The current study is a cross-sectional study of secondary data for hospitals in four states. The study linked data from nurse surveys, hospital patient discharge records, and administrative databases. The data sources included the Multi-State Nursing Care and Patient Safety Survey; 2005–2006 patient discharge data from California, New Jersey, and Pennsylvania; 2006–2007 patient discharge data from Florida; and the 2005 and 2007 American Hospital Association (AHA) Annual Survey. The databases were merged using unique hospital identifiers common to all of the data sources. Included in this analysis are 517 hospitals for which there were data from 10 or more respondents to the nurse survey and for which there were evidence from the state discharge database that at least one annual AAA repair had occurred. On average, the hospitals in the study had 49 nurse respondents and 39 discharged patients who had undergone AAA repair. The outcomes of interest included 30-day mortality and failure to rescue (FTR), defined as the death of a patient within 30 days of admission after experiencing a postoperative complication in the hospital (Silber et al. 1992, 1995, 1995, 2007; Clarke and Aiken 2003). The units of analysis in the study are 517 hospitals, but the units of observation are variously hospitals, patients, and nurses, and the statistical modeling is with reference to a hierarchical model in which patients are nested within hospitals. The final sample for this study of AAA repair included 25,265 nurses and 20,409 patients in the 517 hospitals.

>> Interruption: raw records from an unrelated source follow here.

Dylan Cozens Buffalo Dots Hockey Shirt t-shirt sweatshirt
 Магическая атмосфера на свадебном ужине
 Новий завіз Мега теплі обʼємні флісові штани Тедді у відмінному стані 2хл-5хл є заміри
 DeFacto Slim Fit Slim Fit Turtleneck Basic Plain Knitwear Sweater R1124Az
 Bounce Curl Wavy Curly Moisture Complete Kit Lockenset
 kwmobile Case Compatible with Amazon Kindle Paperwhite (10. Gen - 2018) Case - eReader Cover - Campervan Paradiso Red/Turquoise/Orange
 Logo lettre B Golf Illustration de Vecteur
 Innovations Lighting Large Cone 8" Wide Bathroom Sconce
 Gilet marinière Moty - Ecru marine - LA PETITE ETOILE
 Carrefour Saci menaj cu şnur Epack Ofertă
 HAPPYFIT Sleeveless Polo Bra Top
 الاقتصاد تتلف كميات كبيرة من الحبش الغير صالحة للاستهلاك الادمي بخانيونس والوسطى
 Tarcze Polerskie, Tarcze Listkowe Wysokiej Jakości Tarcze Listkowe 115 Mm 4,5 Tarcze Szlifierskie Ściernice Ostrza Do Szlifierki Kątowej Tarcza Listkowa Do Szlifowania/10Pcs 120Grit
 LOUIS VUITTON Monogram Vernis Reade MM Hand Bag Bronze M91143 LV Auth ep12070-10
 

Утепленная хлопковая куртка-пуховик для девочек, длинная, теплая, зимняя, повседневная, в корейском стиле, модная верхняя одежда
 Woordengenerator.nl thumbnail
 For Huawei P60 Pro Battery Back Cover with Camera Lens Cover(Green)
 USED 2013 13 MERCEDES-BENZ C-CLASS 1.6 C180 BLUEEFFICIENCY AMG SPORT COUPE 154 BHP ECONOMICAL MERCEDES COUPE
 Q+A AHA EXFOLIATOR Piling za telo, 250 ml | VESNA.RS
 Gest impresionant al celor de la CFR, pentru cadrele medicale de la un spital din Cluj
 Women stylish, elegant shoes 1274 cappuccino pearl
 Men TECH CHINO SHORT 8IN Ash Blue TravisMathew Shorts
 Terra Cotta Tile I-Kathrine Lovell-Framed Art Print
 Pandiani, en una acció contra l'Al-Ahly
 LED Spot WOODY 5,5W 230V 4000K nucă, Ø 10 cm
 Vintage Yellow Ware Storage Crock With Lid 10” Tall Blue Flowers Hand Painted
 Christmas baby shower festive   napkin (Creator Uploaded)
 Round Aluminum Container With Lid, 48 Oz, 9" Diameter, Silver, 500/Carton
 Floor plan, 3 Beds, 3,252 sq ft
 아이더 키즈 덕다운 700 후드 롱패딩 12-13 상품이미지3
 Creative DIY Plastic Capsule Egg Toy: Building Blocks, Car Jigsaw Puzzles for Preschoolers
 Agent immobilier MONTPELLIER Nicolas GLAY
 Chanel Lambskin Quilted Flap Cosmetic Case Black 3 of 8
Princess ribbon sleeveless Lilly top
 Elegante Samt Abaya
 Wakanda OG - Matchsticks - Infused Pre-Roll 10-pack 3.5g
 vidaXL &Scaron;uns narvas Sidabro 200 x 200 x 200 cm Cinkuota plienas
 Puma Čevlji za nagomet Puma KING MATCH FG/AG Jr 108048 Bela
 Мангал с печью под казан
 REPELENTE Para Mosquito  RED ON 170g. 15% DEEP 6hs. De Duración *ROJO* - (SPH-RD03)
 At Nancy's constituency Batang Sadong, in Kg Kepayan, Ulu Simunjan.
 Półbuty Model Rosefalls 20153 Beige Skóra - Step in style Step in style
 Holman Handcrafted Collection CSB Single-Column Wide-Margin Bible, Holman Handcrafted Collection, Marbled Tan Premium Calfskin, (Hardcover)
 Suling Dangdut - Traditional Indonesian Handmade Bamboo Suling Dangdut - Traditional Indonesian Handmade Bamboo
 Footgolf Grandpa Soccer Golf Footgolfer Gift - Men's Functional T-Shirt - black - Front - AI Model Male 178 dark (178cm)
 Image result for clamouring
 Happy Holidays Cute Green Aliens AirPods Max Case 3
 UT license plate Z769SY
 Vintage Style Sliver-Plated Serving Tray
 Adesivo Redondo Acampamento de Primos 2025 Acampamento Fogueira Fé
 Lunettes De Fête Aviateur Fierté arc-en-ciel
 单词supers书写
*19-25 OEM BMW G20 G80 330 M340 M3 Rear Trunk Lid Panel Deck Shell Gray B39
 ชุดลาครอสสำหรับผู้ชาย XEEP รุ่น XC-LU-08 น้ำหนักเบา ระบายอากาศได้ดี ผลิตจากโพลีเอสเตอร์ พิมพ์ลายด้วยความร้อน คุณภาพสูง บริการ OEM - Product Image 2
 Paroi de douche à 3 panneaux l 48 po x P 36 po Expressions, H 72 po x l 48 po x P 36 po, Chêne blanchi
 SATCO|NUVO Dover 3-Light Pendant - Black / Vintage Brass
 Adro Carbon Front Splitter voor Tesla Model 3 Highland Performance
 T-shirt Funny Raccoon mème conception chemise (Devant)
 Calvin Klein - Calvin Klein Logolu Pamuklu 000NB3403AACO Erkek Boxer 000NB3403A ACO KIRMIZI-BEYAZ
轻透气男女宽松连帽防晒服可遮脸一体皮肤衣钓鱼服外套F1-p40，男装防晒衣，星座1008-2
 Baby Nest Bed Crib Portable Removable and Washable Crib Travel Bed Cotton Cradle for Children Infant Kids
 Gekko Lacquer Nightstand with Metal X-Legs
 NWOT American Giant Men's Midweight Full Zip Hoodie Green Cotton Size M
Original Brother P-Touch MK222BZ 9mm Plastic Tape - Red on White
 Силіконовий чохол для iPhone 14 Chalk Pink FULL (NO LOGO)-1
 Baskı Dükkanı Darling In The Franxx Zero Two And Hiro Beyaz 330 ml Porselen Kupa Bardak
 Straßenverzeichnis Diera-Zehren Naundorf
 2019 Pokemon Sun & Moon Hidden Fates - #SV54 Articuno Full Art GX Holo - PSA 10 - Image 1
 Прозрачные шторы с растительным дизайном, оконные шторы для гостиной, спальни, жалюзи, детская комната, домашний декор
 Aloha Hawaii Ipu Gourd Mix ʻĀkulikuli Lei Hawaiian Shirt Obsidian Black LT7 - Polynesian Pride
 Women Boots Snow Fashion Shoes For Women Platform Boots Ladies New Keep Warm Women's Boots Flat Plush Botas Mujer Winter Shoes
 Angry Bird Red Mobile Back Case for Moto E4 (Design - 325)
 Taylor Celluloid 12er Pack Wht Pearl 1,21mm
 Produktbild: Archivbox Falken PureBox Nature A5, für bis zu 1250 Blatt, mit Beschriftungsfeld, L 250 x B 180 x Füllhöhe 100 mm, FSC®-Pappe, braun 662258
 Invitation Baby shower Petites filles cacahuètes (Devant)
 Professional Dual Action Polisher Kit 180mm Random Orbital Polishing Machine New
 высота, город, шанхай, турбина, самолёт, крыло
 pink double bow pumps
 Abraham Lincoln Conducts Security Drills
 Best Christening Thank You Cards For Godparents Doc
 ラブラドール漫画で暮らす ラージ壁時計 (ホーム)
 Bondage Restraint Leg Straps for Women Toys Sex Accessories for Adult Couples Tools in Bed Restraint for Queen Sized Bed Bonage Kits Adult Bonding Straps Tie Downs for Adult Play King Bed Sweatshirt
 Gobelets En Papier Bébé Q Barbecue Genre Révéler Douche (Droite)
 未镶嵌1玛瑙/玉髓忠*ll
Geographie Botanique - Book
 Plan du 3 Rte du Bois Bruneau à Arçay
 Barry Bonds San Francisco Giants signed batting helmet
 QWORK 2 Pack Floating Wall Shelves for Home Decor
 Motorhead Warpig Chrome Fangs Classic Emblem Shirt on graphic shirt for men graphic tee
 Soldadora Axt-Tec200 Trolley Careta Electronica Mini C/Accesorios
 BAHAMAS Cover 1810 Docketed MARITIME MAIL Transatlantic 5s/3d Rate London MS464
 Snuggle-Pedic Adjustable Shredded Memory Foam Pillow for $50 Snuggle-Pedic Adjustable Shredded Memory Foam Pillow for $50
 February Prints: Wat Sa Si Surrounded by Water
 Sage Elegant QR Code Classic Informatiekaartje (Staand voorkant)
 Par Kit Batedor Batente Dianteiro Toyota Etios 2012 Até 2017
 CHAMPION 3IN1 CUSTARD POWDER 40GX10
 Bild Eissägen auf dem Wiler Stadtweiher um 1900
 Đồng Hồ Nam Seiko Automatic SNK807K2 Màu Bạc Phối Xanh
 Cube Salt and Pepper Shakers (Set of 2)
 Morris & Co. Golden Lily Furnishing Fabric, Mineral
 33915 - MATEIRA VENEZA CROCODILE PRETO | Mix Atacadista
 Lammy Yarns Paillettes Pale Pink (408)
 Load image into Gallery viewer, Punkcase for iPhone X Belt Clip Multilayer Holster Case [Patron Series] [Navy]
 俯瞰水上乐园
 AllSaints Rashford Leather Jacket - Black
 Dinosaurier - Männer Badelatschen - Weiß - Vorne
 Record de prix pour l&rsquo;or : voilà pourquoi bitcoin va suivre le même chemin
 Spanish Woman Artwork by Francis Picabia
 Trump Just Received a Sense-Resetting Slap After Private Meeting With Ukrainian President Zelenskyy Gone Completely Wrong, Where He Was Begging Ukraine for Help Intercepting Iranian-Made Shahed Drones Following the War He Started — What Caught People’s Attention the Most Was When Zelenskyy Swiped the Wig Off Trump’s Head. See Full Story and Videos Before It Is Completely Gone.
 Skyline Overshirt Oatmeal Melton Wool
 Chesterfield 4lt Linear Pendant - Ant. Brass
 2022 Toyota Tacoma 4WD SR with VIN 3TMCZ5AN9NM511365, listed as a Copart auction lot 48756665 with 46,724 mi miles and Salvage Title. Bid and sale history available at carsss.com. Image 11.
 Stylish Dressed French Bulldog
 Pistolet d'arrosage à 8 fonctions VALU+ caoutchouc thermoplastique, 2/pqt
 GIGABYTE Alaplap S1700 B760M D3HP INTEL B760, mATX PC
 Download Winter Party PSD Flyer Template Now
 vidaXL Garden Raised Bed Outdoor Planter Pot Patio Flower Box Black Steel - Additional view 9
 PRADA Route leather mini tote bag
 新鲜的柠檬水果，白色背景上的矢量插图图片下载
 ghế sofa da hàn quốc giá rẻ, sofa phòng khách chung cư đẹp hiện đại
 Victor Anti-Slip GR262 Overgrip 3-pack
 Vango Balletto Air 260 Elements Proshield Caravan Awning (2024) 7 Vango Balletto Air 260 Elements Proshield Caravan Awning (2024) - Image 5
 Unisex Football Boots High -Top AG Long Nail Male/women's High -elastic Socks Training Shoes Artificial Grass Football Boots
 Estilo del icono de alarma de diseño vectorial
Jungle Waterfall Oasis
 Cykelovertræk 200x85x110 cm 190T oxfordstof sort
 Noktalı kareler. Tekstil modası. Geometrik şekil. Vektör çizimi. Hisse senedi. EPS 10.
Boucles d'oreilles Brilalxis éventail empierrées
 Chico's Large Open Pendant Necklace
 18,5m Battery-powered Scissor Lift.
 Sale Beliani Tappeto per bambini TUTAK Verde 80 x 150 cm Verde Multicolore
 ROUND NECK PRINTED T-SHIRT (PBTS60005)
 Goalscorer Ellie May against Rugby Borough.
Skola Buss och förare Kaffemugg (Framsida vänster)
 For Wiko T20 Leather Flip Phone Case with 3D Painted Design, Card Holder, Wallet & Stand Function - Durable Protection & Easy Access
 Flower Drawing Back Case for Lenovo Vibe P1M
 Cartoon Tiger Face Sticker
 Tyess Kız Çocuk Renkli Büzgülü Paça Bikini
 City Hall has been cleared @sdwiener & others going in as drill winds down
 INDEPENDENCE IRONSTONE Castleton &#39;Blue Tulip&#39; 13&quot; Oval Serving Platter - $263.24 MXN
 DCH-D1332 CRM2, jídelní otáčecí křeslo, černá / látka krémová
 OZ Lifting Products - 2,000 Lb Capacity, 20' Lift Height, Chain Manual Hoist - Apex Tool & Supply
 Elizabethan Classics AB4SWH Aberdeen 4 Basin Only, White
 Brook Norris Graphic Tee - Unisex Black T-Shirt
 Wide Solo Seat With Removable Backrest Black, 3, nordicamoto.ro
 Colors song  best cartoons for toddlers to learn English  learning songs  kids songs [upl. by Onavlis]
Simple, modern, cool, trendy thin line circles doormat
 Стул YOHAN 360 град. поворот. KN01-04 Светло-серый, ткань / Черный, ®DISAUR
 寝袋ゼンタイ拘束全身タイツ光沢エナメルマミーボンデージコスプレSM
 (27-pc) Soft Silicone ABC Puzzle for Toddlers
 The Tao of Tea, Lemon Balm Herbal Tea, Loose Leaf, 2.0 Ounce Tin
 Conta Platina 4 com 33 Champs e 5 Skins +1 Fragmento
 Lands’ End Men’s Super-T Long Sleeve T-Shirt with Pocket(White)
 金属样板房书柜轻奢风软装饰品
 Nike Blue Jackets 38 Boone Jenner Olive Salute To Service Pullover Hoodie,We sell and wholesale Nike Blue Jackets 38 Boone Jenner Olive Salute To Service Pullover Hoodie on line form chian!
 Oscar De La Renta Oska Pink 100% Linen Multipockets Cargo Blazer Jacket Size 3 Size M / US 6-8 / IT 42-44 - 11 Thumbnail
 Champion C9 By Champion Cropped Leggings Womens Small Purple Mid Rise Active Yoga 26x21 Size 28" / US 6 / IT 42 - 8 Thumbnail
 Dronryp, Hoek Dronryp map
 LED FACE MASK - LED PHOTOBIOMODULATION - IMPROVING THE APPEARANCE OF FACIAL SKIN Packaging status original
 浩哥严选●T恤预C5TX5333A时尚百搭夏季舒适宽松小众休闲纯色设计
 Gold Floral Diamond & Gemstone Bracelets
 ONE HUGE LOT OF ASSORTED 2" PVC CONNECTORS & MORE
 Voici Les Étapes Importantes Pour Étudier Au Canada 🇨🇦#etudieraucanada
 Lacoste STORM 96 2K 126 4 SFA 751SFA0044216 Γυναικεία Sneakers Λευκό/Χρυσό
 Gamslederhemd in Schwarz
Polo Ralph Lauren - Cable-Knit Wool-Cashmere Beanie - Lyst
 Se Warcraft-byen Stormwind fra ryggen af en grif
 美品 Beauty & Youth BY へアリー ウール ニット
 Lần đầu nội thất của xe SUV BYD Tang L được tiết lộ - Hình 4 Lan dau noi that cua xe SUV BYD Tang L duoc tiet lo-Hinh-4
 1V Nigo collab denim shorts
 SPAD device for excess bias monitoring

The Multi-State Nursing Care and Patient Safety Survey was collected by Aiken and colleagues at the University of Pennsylvania Center for Health Outcomes and Policy Research (Aiken et al. 2010, 2011; Kendall-Gallagher et al. 2011; McHugh et al. 2011a; McHugh et al. 2011b; Neff et al. 2011). The primary research team collected nurse survey data from California, Pennsylvania, and New Jersey between September 2005 and August 2006 and in Florida between November 2007 and April 2008. Surveys were mailed to 272,783 nurses in the four states: 106,532 in California, 49,385 in Florida, 52,545 in New Jersey, and 64,321 in Pennsylvania. This large mail survey had a response rate of 39 percent owing to the impossibility of targeting the mailings to hospital staff nurses, providing monetary incentives, or undertaking extensive follow-ups with such a large sample. Overall, the researchers obtained information from nine of every ten hospitals in all four states. In addition, a resurvey of 1,300 original nonresponders had a 91 percent response rate and was evaluated for possible bias. The results of this survey suggested no difference in responders and nonresponders in reports of hospital-level organizational features of nursing (Smith 2008; Aiken et al. 2010, 2011). Of those nurses who responded to the initial survey, 35,000 identified themselves as hospital staff nurses and further indicated on the survey their primary place of employment, including both the name of the hospital and the type of unit in which they worked.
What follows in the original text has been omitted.